April 17-19, 2009
1333 H Street NE
Washington, DC 20002
Tickets: visit http://www.atlasarts.org/ or call (202) 399-7997
Last week, the PoP community discussed and debated at great length the recent increase in youth violence seen and reported on the streets of Columbia Heights, Petworth, and the surrounding DC neighborhoods. Many potential solutions were offered. But with the DC government’s systemic failures to overcome — not to mention the vast socioeconomic gap between DC’s haves and have-nots — the problem of escalating youth violence can feel hopeless at times. And with the news of an unending parade of violent youth offenders overrunning our outmoded juvenile justice system, it’s easy to forget that most teenagers in DC — whether rich or poor, black or white — are inherently decent, non-violent kids worthy of our support.

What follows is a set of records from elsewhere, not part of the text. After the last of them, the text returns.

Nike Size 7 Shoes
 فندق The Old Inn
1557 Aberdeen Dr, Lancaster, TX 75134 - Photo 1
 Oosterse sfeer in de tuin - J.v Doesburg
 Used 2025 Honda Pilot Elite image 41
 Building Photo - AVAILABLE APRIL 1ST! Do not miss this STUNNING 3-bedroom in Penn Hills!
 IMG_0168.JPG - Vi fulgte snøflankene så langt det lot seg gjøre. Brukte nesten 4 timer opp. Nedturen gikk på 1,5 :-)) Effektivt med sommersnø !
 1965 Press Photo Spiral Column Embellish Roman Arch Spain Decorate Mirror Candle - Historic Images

An inspiring group of these forgotten teenagers participate in DC’s City at Peace, “a nationally recognized nonprofit organization that empowers teenagers to create safe, peaceful, and productive lives and communities.” Each year, City at Peace organizes DC teenagers as they write and star in their own musical play, based on the tenets of non-violent conflict resolution.
City at Peace’s last two spring performances did much to restore my personal faith in our next generation. Teenagers who, at first glance, appeared as menacing as those I’d cross the street to avoid late at night, sang and danced and acted their way into the audience’s hearts. I don’t know the particulars of this year’s play, LIVING [in theory] (taking the stage at the Atlas Performing Arts Center on April 17, 18, and 19), but I can assure you there’ll be plenty of artistic talent on display. More important, I promise you’ll witness dozens of DC teenagers — most of whom are as economically and socially disadvantaged as their violent counterparts — performing on stage out of a genuine sense of hope and pride and confidence in their generation.
I’m all in favor of organizing communities for safer neighborhoods, and petitioning the DC government to reform the juvenile justice system, before any more youth offenders are hardened into lifelong, violent criminals. I also believe that, as cliché as it sounds, everyone has the potential to make a difference in a young person’s life, no matter how powerless he or she may feel. But it’s ultimately programs like City at Peace that can, with our support, equip a whole legion of peace-loving young men and women with tools for curbing the increasing violence and nihilism of their generation. So check out the show this weekend — you won’t be disappointed!